Pour financer des opérations qui pourraient être visées par des sanctions américaines, il faut faire appel à des banques qui n’ont aucun intérêt aux Etats-Unis, comme certaines banques canadiennes, présentes à Cuba : les sociétés canadiennes ne sont en effet pas autorisées à transiger avec l’autorité administrative ou judiciaire d’un pays étranger et échappent donc de facto au chantage de l’Administration américaine – elles sont attentives à ne pas enfreindre les vrais interdits, dont notamment l’usage du dollar et des US persons. Il existe aussi en France deux ou trois petites banques, qui n’ont pas de filiale aux US et peuvent financer certaines opérations. Il faut garder à l’esprit que, selon les dires mêmes du directeur de l’Ofac américain (Office of Foreign Assets Control), les banques européennes surestiment systématiquement les risques de sanctions US, refusant de ce fait de réaliser une opération qui n’est en rien sanctionnable selon les règles de l’OFAC. Ainsi pour l’Iran l’interdiction américaine de commercer ne s’applique qu’à certaines catégories de produits bien définies, et pourtant nombre de banques européennes ont arrêté toute opération avec l’Iran, quel que soit le produit.

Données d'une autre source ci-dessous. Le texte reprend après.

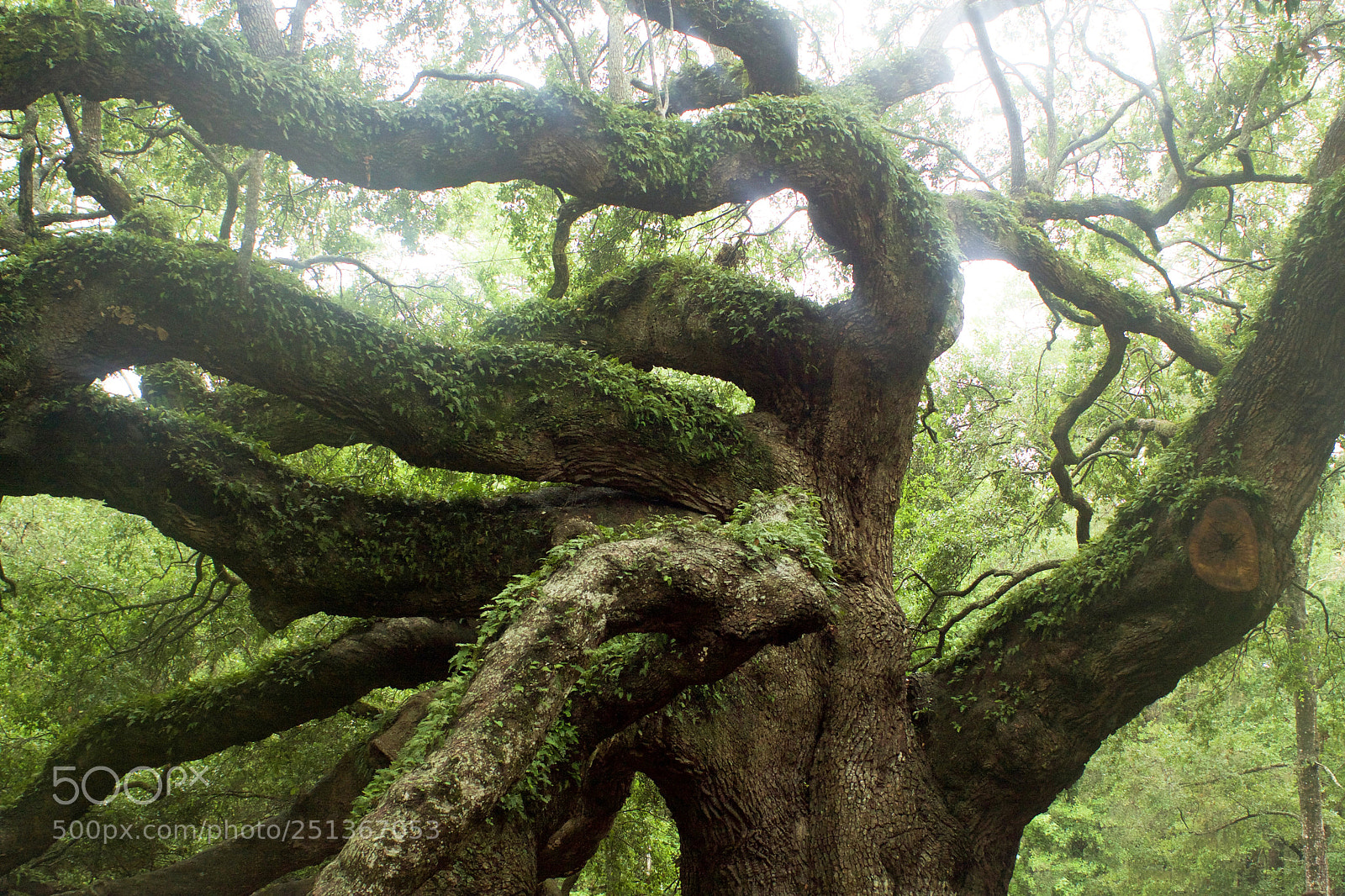 Canon EOS 40D sample photo. Natural heritage photography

La réactivation par l’Union Européenne de la loi de « blocage » des sanctions étrangères (règlement CE n° 2271/96) devrait modifier cette approche des banques, qui peuvent depuis le 7 Août 2018 se voir poursuivies pour les préjudices causées à une société en raison de l’application de loi non applicables dans l’UE. Les banques n’ont cependant pas encore intégré au fonctionnement de leur « conformité » cette règle qui rend illégale le blocage par elles de certaines transactions.